> **TASK DESCRIPTION**: Give back the whole listing word for word and skip each picture.

╭──

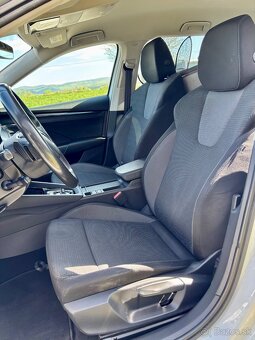 Škoda Octavia 4 2.0TDI DSG - 10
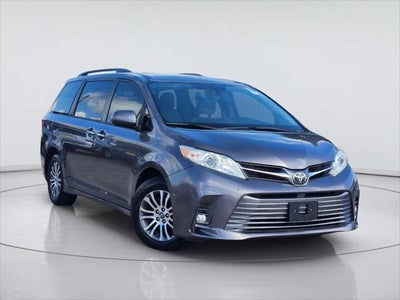 2018 Toyota Sienna XLE 8-Passenger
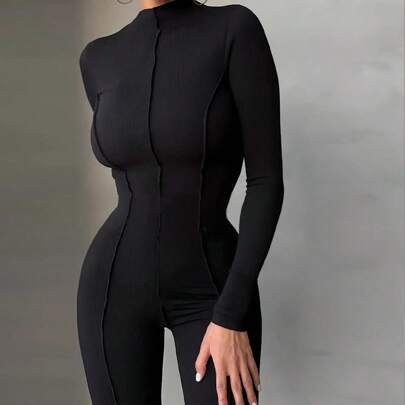 Elegante e versatile tuta jumpsuit aderente a maniche lunghe con pantaloni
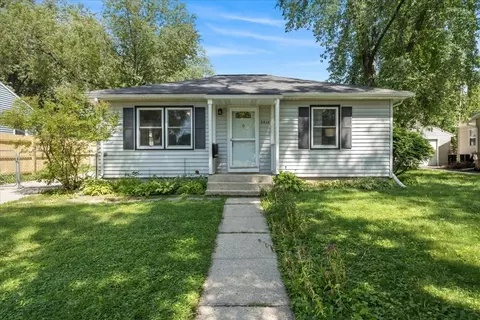 3818 Clover Ln, Madison, WI 53714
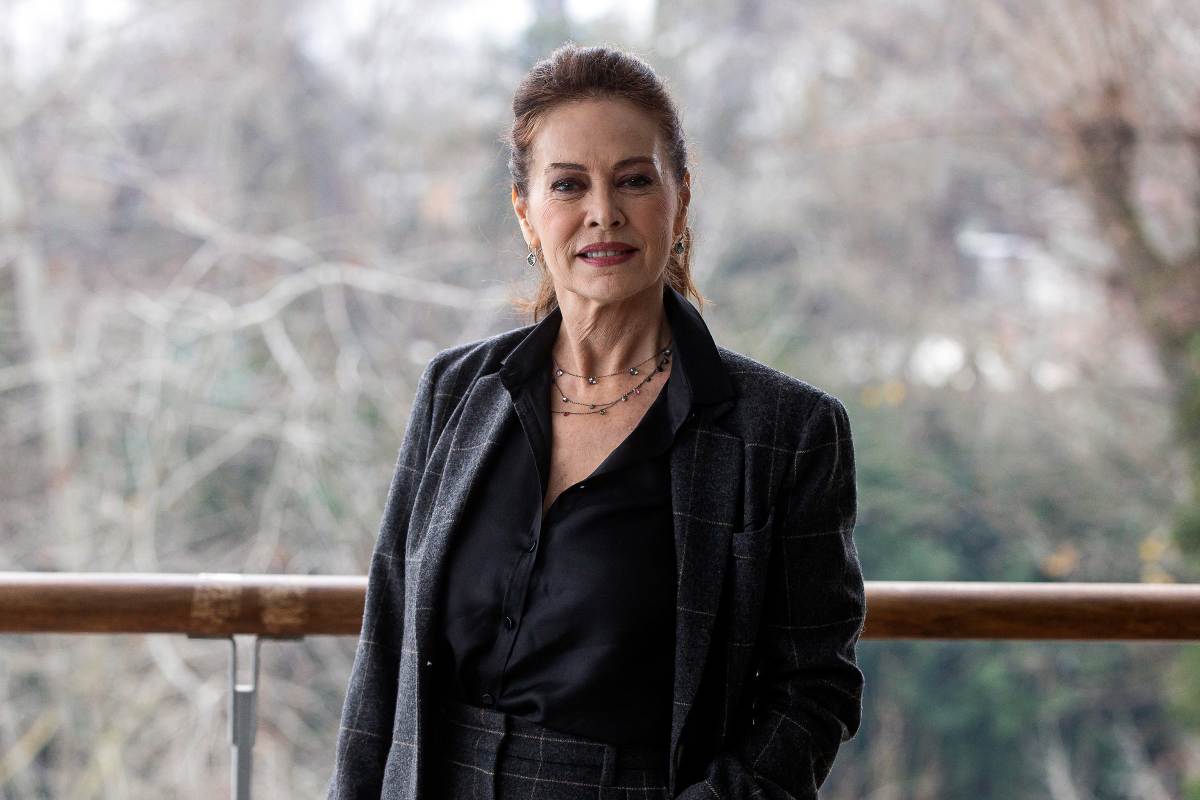 elena sofia ricci durante un servizio fotografico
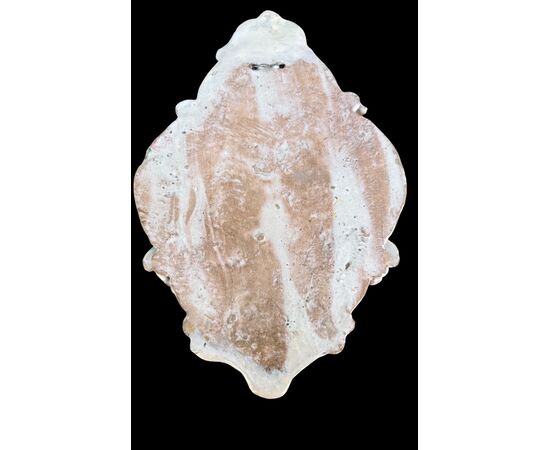 Acquasantiera in maiolica con putti e motivi vegetali stilizzati.Ariano Irpino.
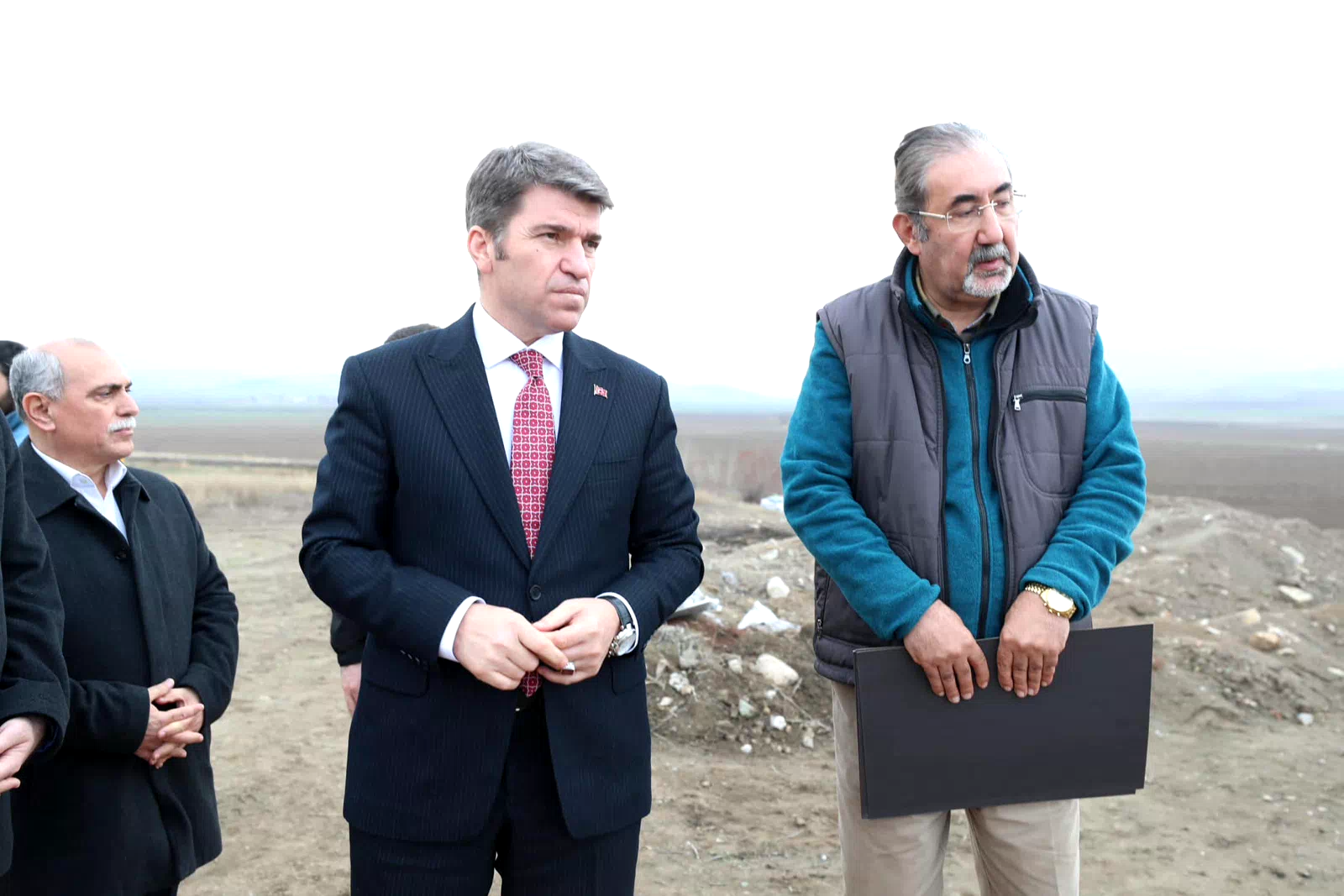 Amasya Valisi Önder Bakan, Oluz Höyük kazı alanını inceledi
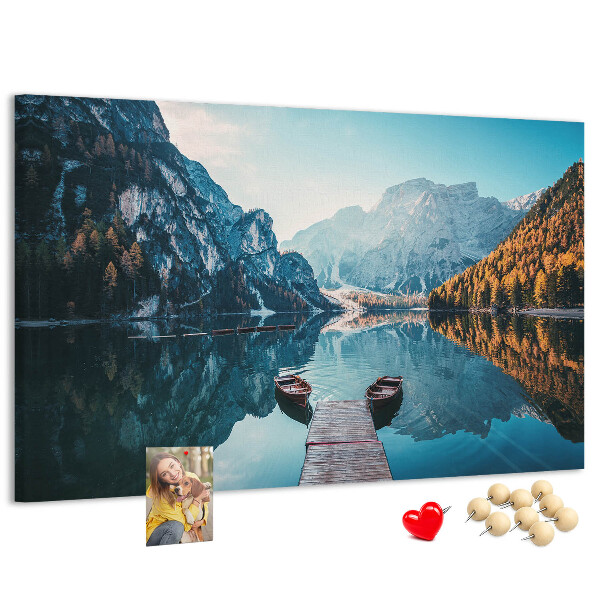 Tableau affichage liège Le paysage montagneux se reflète dans le lac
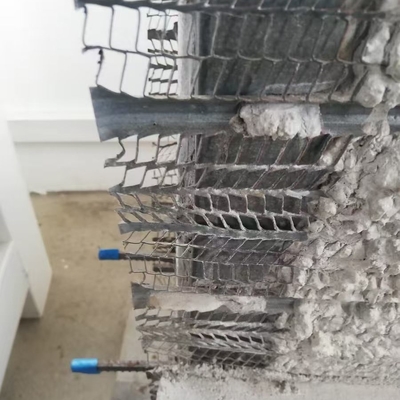 Rete Hy Rib in acciaio zincato per casseforme in calcestruzzo nella costruzione di piscine in Africa
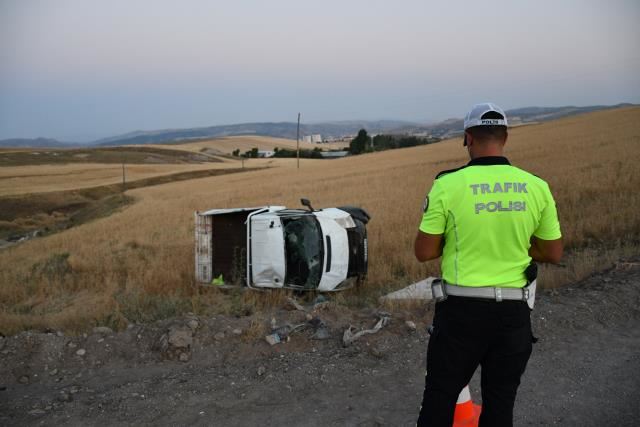 KAMYONET DEVRİLDİ: 3 YARALI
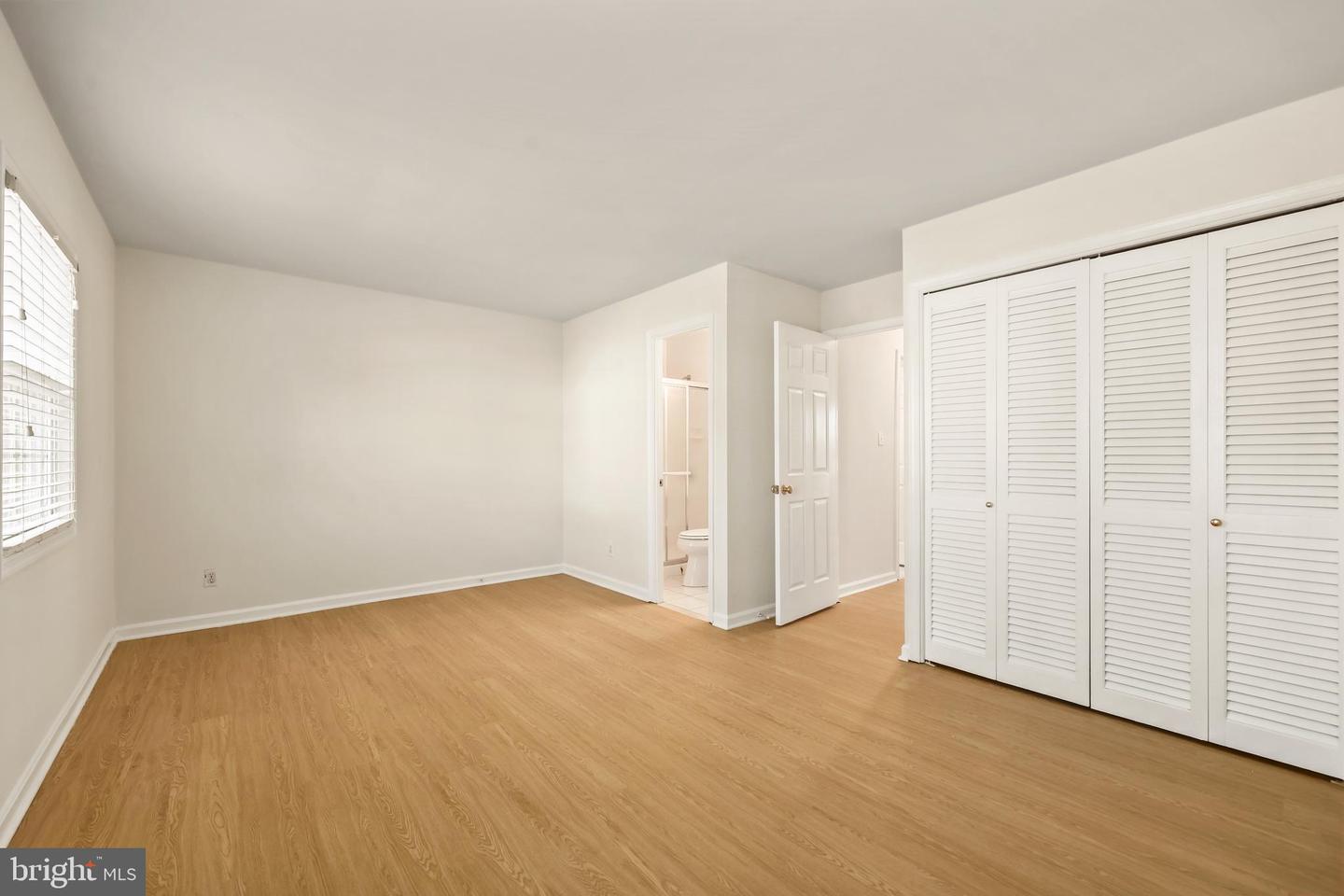 14821 HAYMARKET LN, CENTREVILLE, Virginia 20120, ,Residential,For sale,14821 HAYMARKET LN,VAFX2286146 MLS # VAFX2286146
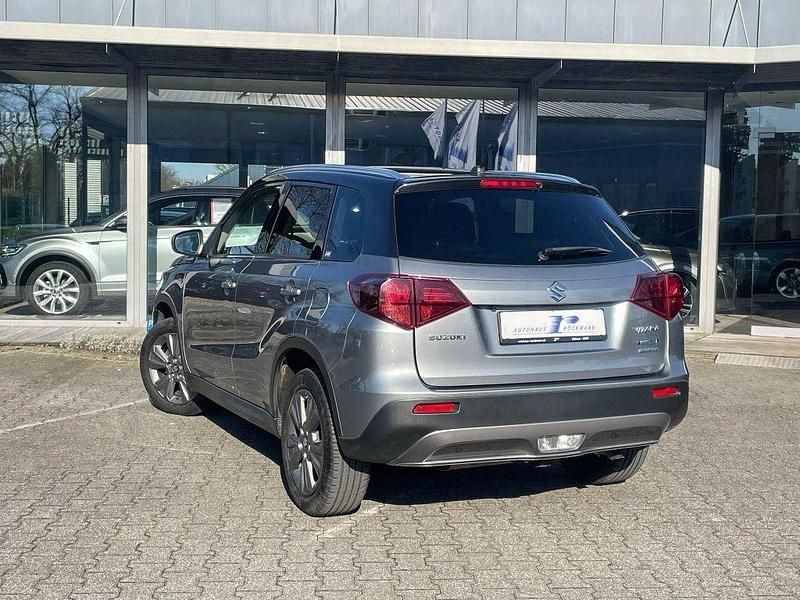 Gebraucht Suzuki Vitara 129 PS (94 kW) 2020 Grau SUV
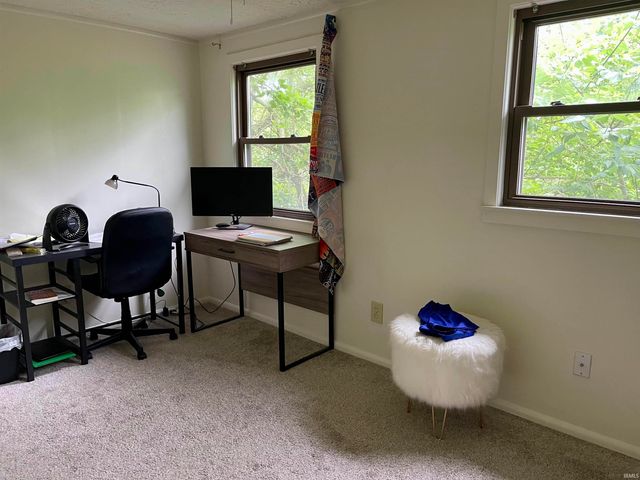 417 S SWAIN Avenue, Bloomington, IN 47401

╰──

> **OUTPUT OF THE EXERCISE**:
 Škoda Octavia 4 2.0TDI DSG - 10
 2018 Toyota Sienna XLE 8-Passenger
 Elegante e versatile tuta jumpsuit aderente a maniche lunghe con pantaloni
 3818 Clover Ln, Madison, WI 53714
 elena sofia ricci durante un servizio fotografico
 Acquasantiera in maiolica con putti e motivi vegetali stilizzati.Ariano Irpino.
 Amasya Valisi Önder Bakan, Oluz Höyük kazı alanını inceledi
 Tableau affichage liège Le paysage montagneux se reflète dans le lac
 Rete Hy Rib in acciaio zincato per casseforme in calcestruzzo nella costruzione di piscine in Africa
 KAMYONET DEVRİLDİ: 3 YARALI
 14821 HAYMARKET LN, CENTREVILLE, Virginia 20120, ,Residential,For sale,14821 HAYMARKET LN,VAFX2286146 MLS # VAFX2286146
 Gebraucht Suzuki Vitara 129 PS (94 kW) 2020 Grau SUV
 417 S SWAIN Avenue, Bloomington, IN 47401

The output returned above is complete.